The irony is that while spontaneous generation has been scotched as an ongoing process, almost all of the theories jostling to replace it rely on a spontaneous generation of life at some point in the distant past when the most basic manifestation of life, in the form of photosynthesis, first took place. The sole dissenting view contends that life arrived via space debris such as a comet's tail. That is thought to have happened between 3.5 billion to 4.4 billion years ago, relatively soon after the hypothesised formation of the Earth 4.6 billion years ago and in a completely different environment than exists today. In the Hadean era, the first 800 million years of the Earth, temperatures were more than three times as hot as now - hence the name, a derivative of Hades - and the atmosphere had virtually no oxygen.

Although photosynthesis is postulated to have been present in the Hadean era, no compelling proof has been found in the few rocks identified as being of that age. John Olson, a University of Massachusetts biochemist, postulated in 2005 that there were signs in Greenland rock sheets dating back to 3.8 billion years ago, as the Hadean era ended and the Archean era began, of photosynthesis based on hydrogen rather than oxygen because of the latter's absence. His view was bolstered by what he dubbed "possible microfossils" in South African and Australian rocks around 3.4 billion to 3.5 billion years ago.

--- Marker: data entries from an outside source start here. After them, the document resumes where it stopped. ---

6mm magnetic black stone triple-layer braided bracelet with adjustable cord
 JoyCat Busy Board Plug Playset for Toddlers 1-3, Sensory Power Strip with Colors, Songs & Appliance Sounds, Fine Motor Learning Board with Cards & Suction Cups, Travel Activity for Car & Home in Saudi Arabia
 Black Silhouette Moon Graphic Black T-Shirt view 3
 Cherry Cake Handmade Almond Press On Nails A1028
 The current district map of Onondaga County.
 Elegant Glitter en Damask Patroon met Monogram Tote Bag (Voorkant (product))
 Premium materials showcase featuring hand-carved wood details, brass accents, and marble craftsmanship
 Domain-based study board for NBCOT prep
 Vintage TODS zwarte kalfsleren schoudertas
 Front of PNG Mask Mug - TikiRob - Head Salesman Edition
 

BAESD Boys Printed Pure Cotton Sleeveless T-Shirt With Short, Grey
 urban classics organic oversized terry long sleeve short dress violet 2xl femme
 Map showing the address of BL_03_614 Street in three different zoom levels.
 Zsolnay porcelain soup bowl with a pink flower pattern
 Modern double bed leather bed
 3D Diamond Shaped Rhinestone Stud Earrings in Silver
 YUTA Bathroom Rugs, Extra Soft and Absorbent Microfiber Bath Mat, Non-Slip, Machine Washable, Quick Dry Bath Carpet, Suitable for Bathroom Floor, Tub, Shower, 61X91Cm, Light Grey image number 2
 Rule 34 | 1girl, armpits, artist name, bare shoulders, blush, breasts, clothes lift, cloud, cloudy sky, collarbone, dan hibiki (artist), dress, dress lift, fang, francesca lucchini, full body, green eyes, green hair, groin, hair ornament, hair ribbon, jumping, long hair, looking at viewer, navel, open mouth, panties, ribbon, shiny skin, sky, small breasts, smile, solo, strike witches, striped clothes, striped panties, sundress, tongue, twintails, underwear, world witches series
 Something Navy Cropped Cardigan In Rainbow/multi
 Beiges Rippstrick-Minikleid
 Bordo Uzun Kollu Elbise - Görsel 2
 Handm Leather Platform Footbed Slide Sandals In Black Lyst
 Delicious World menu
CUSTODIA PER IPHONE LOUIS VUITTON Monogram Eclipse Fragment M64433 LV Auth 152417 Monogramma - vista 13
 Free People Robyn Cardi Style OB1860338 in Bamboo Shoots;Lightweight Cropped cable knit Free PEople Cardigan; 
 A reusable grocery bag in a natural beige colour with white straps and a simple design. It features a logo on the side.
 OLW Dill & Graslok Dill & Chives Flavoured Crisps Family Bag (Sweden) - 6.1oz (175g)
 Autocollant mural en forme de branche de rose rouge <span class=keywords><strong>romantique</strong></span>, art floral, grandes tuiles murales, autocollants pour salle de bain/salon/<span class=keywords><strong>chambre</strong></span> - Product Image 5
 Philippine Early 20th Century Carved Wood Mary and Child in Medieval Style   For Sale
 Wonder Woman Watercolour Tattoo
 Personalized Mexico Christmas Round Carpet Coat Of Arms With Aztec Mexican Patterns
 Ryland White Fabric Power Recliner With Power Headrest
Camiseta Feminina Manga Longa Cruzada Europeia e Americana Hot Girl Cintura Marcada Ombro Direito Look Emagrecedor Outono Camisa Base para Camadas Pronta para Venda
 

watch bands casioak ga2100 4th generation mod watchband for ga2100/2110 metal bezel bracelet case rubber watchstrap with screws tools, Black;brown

But the closest to proof remains in the rock samples from the Pilbara, where researchers initially hailed the discovery of chemical biomarkers indicating the presence of photosynthesising life forms 550 million years before the next oldest example. A conundrum was that the researchers in the late 1990s did not just find biomarkers called hopanes, which prove the presence of simple bacteria. They also found steranes, indicating the presence of more sophisticated cellular life forms that were previously not thought to have existed until a billion years later.

The double conundrum was that the steranes should have been destroyed by the heat and pressure that were evident from the rock samples, while the presence of oxygen-generating cellular life forms was at odds with the near total absence of oxygen in the atmosphere for another 350 million years. According Birger Rasmussen, a geochemist from Australia's Curtin University of Technology, the solution came from using a far more precise probe that could take carbon-isotopes samples just five microns across, or less than one tenth the width of a human hair.

It showed a far wider discrepancy in the carbon dating than had been found previously, which Dr Rasmussen said in the paper published in Nature indicates that the hopanes and steranes migrated into the Pilbara rocks after they were laid down. Others dispute his hypothesis as just one explanation of several possible answers. The Harvard University biochemist Andrew Knoll said in the magazine Science News that studies from South Africa, the only other pristine site with rocks of the same era as the Pilbara, had also detected biomarkers which support the original Pilbara theory.

Jennifer Eigenbrode, an organic geochemist at Nasa Goddard Space Flight Centre, said there were other possibilities for the carbon traces, such as the early organisms absorbing carbon from methane rather than carbon dioxide. Both gases were abundant at the time and the recycling of the carbon within the environment could explain the wider range of carbon-isotope readings of the kind found by Dr Rasmussen's team.

Woodward Fischer, a geochemist at Califronia Institute of Technology, has cautioned that the high-sensitivity microprobes similar to that used for the most recent study of the Pilbara rocks are also susceptible to contamination, with diesel exhausts, fossil fuel emissions and smog - all capable of influencing the presence of hopanes. In the meantime, what had once been seen as a leap forward in proving the origins of life has reverted to a debate between whether it might instead have been a stumble.